(Task prompt)
Take the line that contains "2818-2820 Clermont Ave, Pittsburgh, PA 15227" and each one after it through the last line below, and retype them exactly. Leave out the pictures.

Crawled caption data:
::::::::

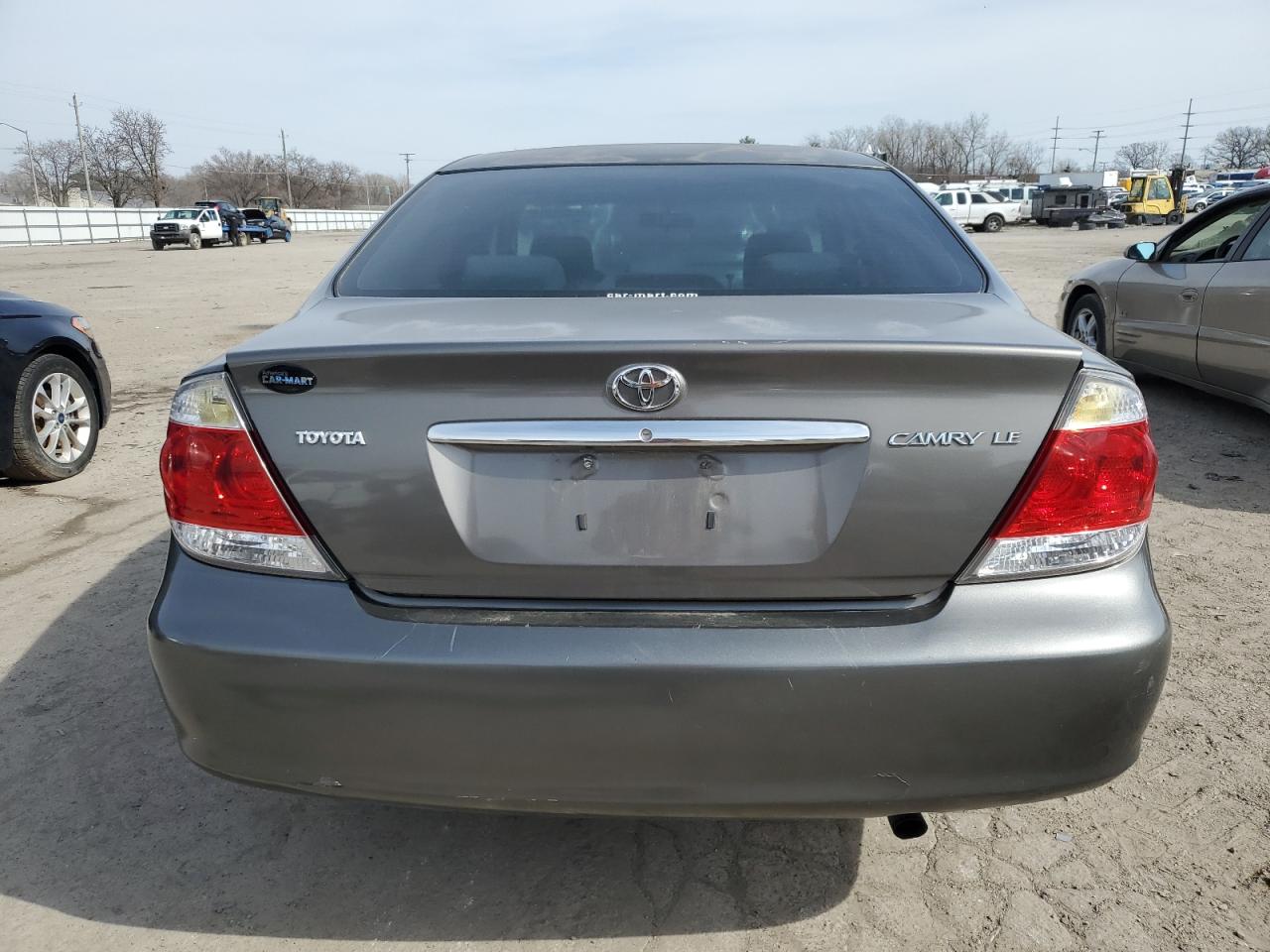 4T1BE32K26U703025 2006 Toyota Camry Le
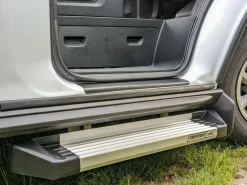 Freistufe Trittstufe für Fiat Ducato > 2006 - black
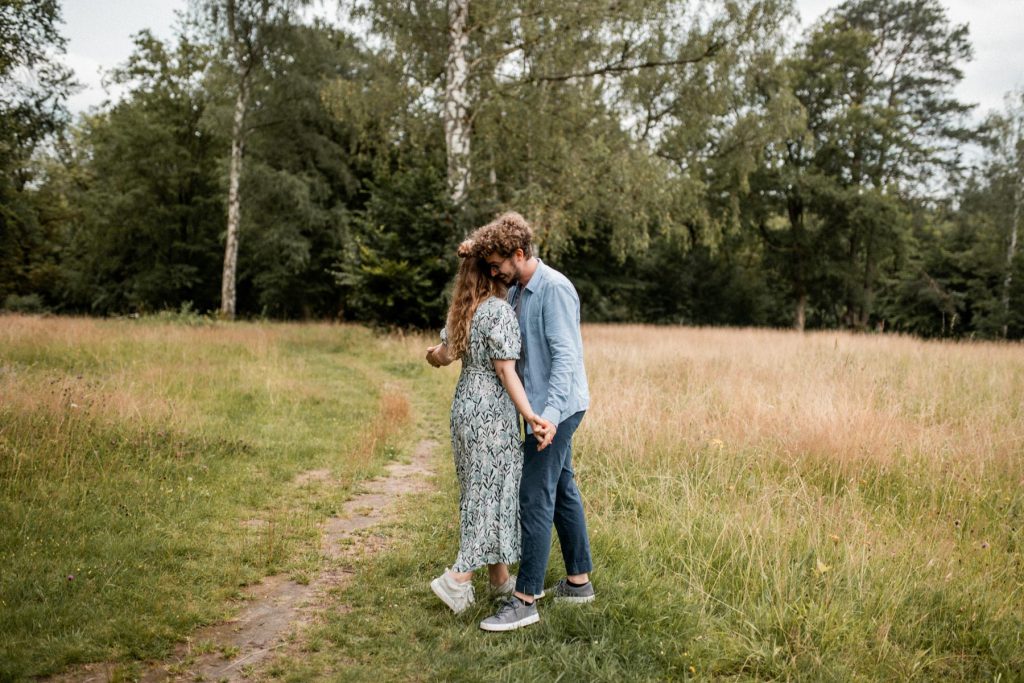 Natürlicher Paarfotos Stuttgart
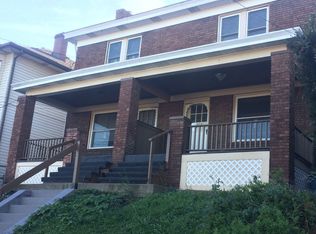 2818-2820 Clermont Ave, Pittsburgh, PA 15227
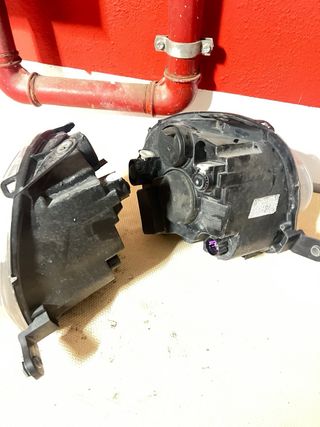 Faro Delantero Fiat 500 (2009) - Izquierdo y Derec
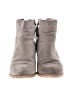 Sofft 100% Leather Gray Ankle Boots Size 7 1/2 - photo 2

::::::::

(Answer for the task)
 2818-2820 Clermont Ave, Pittsburgh, PA 15227
 Faro Delantero Fiat 500 (2009) - Izquierdo y Derec
 Sofft 100% Leather Gray Ankle Boots Size 7 1/2 - photo 2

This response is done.